UNC does have an abhorrent history of racism and slavery. No honest person denies or diminishes that reality. And honest scholarly research, archival work, and memorialization of that history is merited. One must ask, however, why past—and ongoing—efforts to document and study that history are not enough. Why give 15 activist scholars free rein to re-imagine UNC-Chapel Hill as they see fit?
Coleman Hughes, a black writer and fellow at the Manhattan Institute, expressed frustration at how progressives encourage black people to view themselves as perpetual victims: “Progressives ought not dodge the question,” Hughes wrote. “Why are blacks the only ethnic group routinely and openly encouraged to nurse stale grievances back to life?” He continued:
Cracks in the reparations mindset are beginning to show themselves. Whites are noticing that black leaders still use historical grievances to justify special dispensations for blacks who were born decades after the end of Jim Crow—and many whites understandably resent this. Asian students are noticing that applying to elite colleges is an uphill battle for them, and are understandably fighting for basic fairness in admissions standards. The majority of blacks themselves are noticing that bias is not the main issue they face anymore, even as blacks who dare express this view are called race traitors.
As Guskiewicz should have learned from past incidents on campus, the commission members will never be appeased, no matter how much he tries to accommodate their demands, because many of them have built a career and carved a professional niche out of nursing the “stale” grievances that Hughes describes.
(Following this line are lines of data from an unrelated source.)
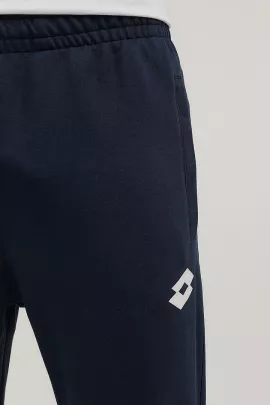 Спортивные штаны Lotto, Цвет: Темно-синий, Размер: S, изображение 6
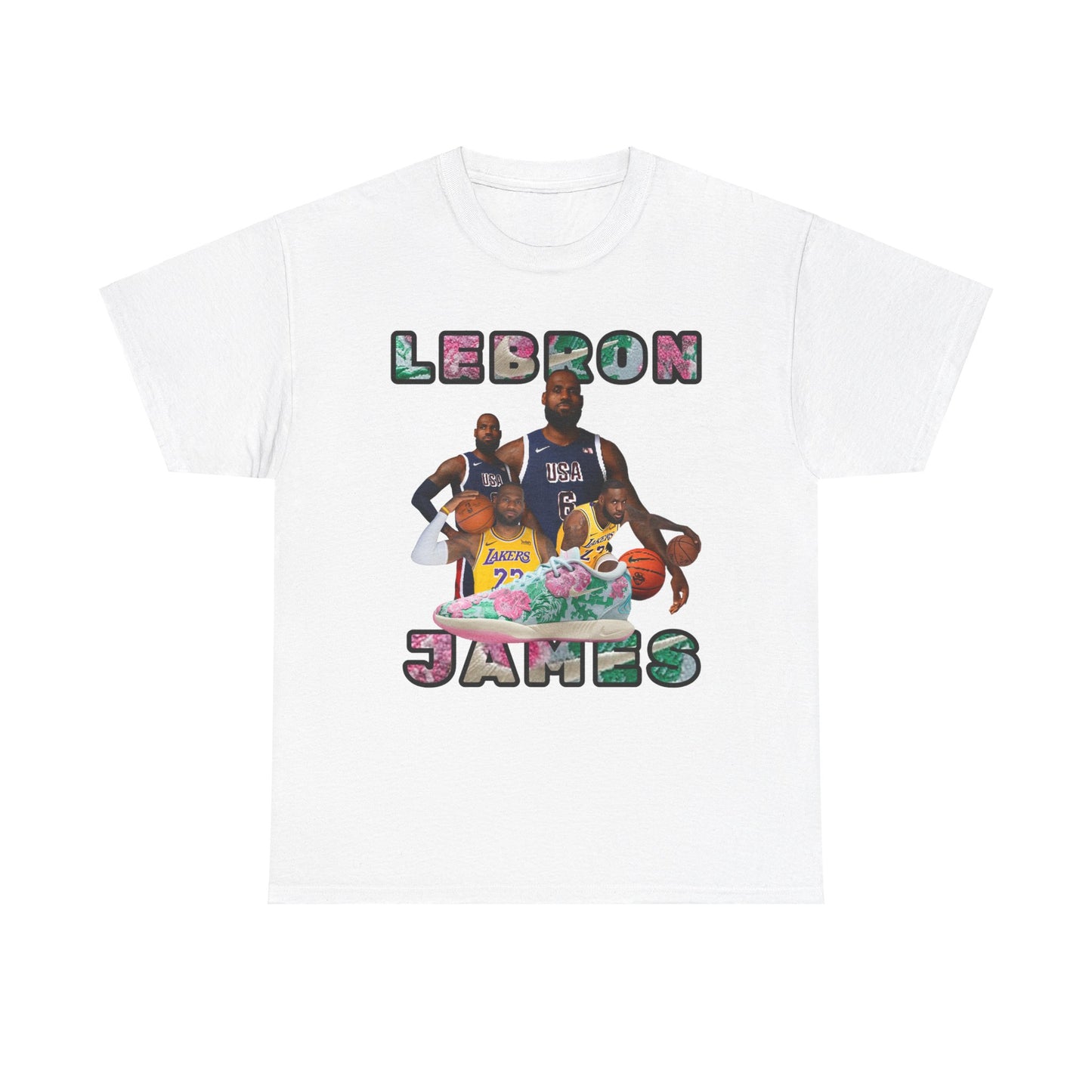 PINK Lebron Unisex Heavy Cotton Tee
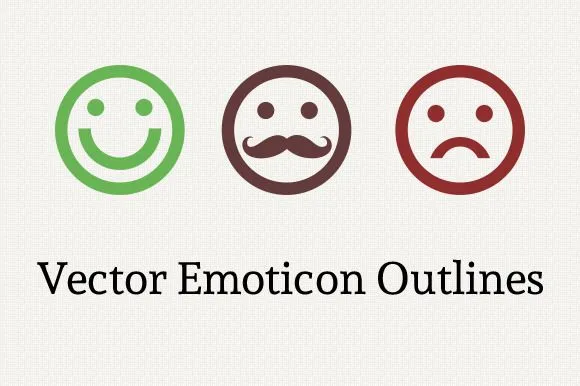 Expressicons Emoticon Set Depositfiles » Designtube - Creative ...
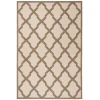 Safavieh Linden  Cream / Beige LND122 4 ft. X 6 ft. Rectangle Rug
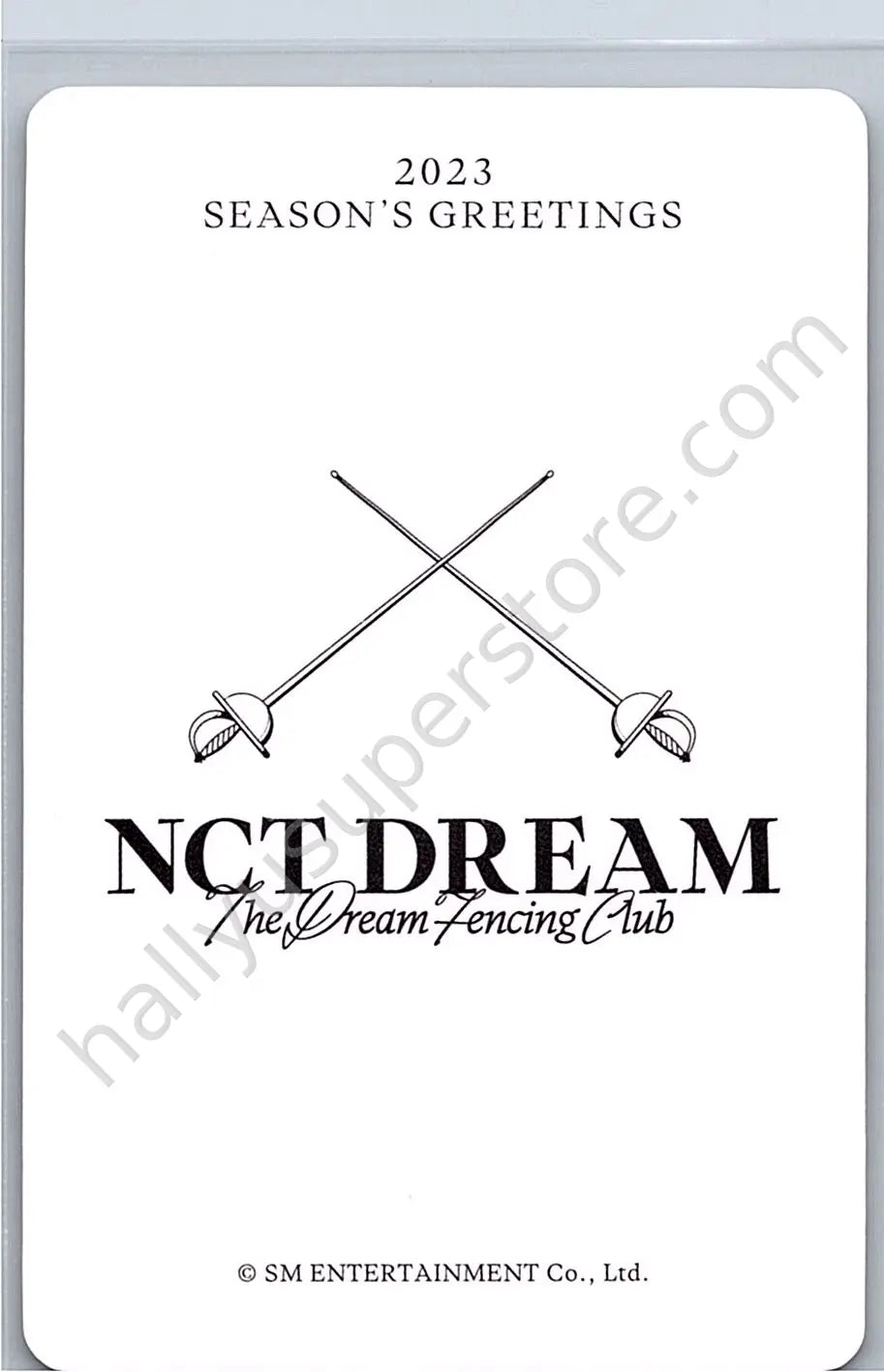 NCT DREAM - Jaemin - 2023 Season’s Greetings photocard set season&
Guskiewicz has put himself in an impossible situation.
As members of the commission made clear, there is no room for disagreement about the merits of the commission’s work and the policies they will eventually propose. In their view, either a racist element of the university community will oppose their recommendations, or Guskiewicz’s administration will dutifully embrace them.
Nevertheless, Guskiewicz must sincerely ask himself several questions. Does he understand that this commission wants to enact concrete policy changes that are based on the assumption that UNC-Chapel Hill is systemically racist? Does he agree that Carolina— its admissions policies, student life, faculty, students, programming, and curriculum—are tainted with invisible racism? Does he agree that certain members of the board of governors want black people to be “grateful and silent?”
It’s time for Guskiewicz to take a firm stand and put an end to the airing of “stale” grievances before UNC is dismantled, renamed, and “purified” beyond recognition.
Shannon Watkins is senior writer at the James G. Martin Center for Academic Renewal.